Nourri d’une pratique approfondie du mouvement, son travail interroge les instances d’apparition du geste. Au delà de l ’efficacité attendue de l ’agir et du faire, le corps cherche l’ espace d un geste dans lequel il n ’est plus question de produire mais d ’assumer , de supporter une physicalité poreuse. Le principe de mouvement qui fonde chaque corps y révèle une instabilité, le glissement de l’emprise, la dissolution du définitif de la saisie. Des recoins et fissures d’un corps moule sourd un corps souterrain, une matière en devenir qui donne sa forme comme perpétuel accident.

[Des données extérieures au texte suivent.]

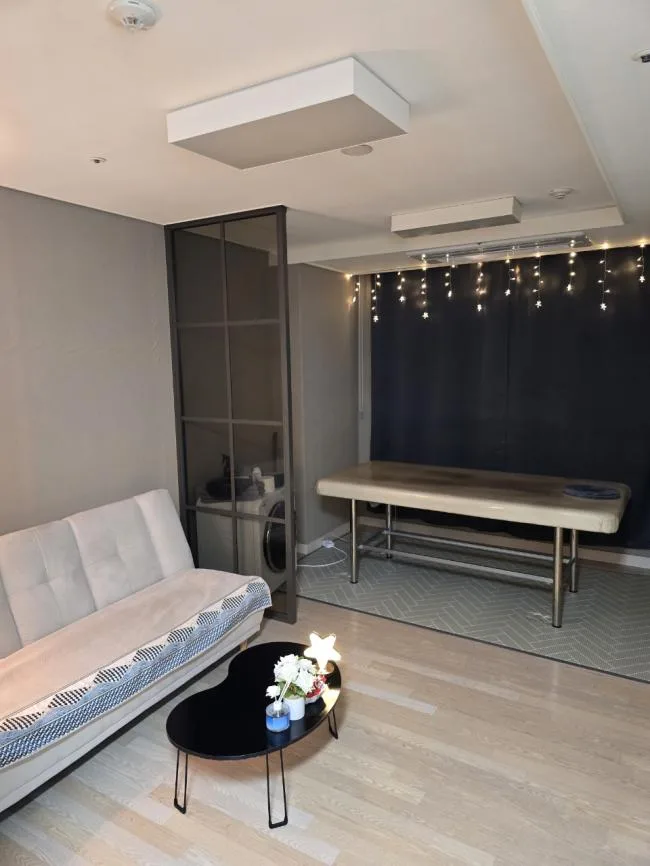 성남시 중원구 성남동 플라워스웨디시 대표 전경 · 스웨디시 마사지샵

Au travers de mises en scènes épurées, de mouvements ténus attentifs aux fluctuations de l’ infime se dessine un imaginaire à la lisière du fantastique.

Les installations vidéos, ensemble de diverses projections, élaborent à l ’aide d’un important traitement numérique de l’image, les fictions de présences corporelles énigmatiques, présences virtuelles étrangement incarnées dans l ’espace de monstration. Dans une obscurité quasi totale, le spectateur est immergé au coeur d’ univers obsessionnels aux règles autonomes. Avec une attention toute particulière, l ’image inquiète, en s’y ajustant, l ’espace architectural jusqu’à en dissoudre les contours.

Les performances déclinent le même souci de déstabilisation, désir de susciter une perception en décalage avec des habitudes réflexes. Dans une temporalité qui semble retenue sur son axe vertical, le corps expose une fragilité quasi magique mais consciente de ses moyens. Dispositifs d ’adresse, de corps à corps, ses oeuvres proposent l’expérimentation d ’une physicalité a traverser.

TOTEM vidéo 10’ 2001
Un gros plan de visage de cinéma en noir et blanc effectue un mouvement de bas en haut de l’écran évoquant le sautillement d’un jeu de corde ou de marelle, plus ou moins ralenti. Le motif subit des variations tout au long des dix minutes que dure la séquence : variation du rythme du mouvement du corps et variation des mouvements internes à l‘image. Le ralenti évolue peu à peu en scansions qui décomposent le défilement fluide en images presque fixes ; celles-ci « déteignent »les unes sur les autres par effet de filé, de rémanence, défigurant progressivement le visage jusqu’à laisser apparaître fugitivement le squelette qui le soutient. La jeune fille et la mort.

EVERYTHING IS GOING TO BE ALRIGHT vidéo 7 ’ 2003
À l’intérieur d’un cube blanc, un corps quasi nu, saute et rebondit inlassablement sur les trois parois de l’espace fermé. Corps/figure car en somme l’individu a disparu pour n’être que mouvement pur, tentative inouïe de percer des parois, saut qui désire l’échappée (refusée) et ne peut que se renouveler à l’infini de la boucle vidéographique. Le cube blanc qui semble repousser l’humain en même temps qu’il le retient est espace de suffocation. La répétition inlassable du saut (le son qui l’accompagne scande comme autant de coups) rend la promesse de sortie définitivement caduque.

Au delà de la violente contrainte spatiale qui lui est imposé, le corps semble faire l’expérience de son inaliénable créativité. Le mouvement ne se répète jamais, chaque rebond invente un autre corps, une autre ascension et chute, un autre axe de déplacement possible. Et c’est comme si le regard progressivement pris d’hypnose voyait se dessiner, somme de tous ces changements sur les axes de coordonnées spatiales, un point, qui serait celui d’une suspension mobile : entre haut et bas, droite et gauche, proche et lointain, le pont de croisée des possibles trajets, le point d’un vol, immobile mobilité.